* **Assignment**
Nothing but the lines below from the one that contains "2.5 S image 10" through the one that contains "Terrain 741 m² MANZIAT" should be retyped, exactly and including both ends. Do not include pictures.

=== Listed entries ===

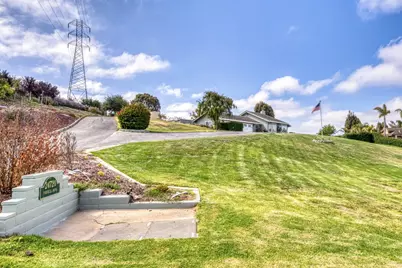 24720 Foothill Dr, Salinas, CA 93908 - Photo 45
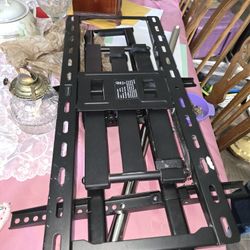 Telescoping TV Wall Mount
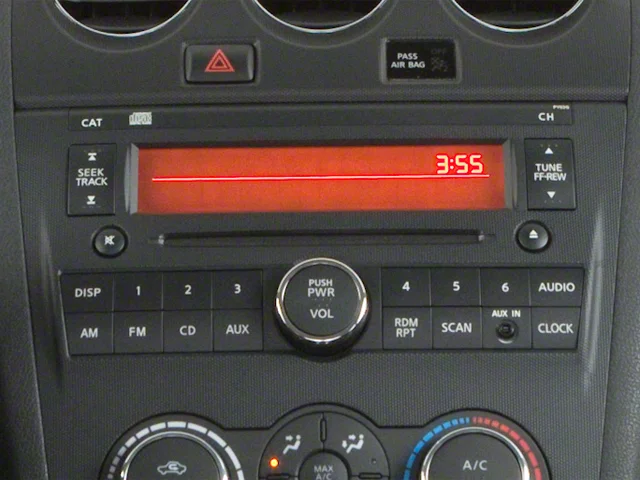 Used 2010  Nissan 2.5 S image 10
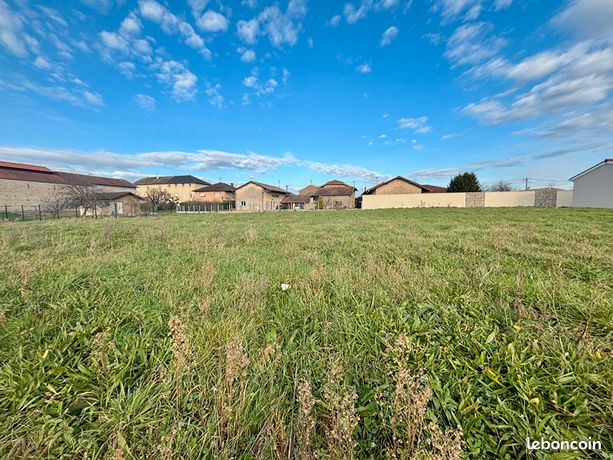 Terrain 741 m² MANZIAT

===
=== Listed entries ===

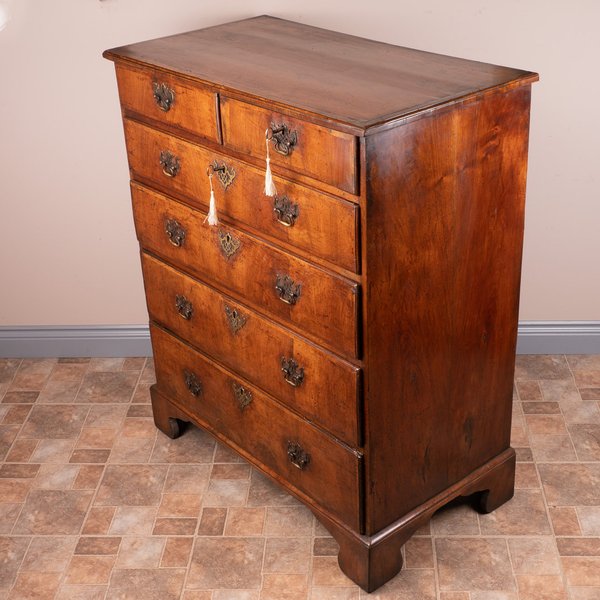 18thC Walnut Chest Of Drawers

===

* **Written solution**
 Used 2010  Nissan 2.5 S image 10
 Terrain 741 m² MANZIAT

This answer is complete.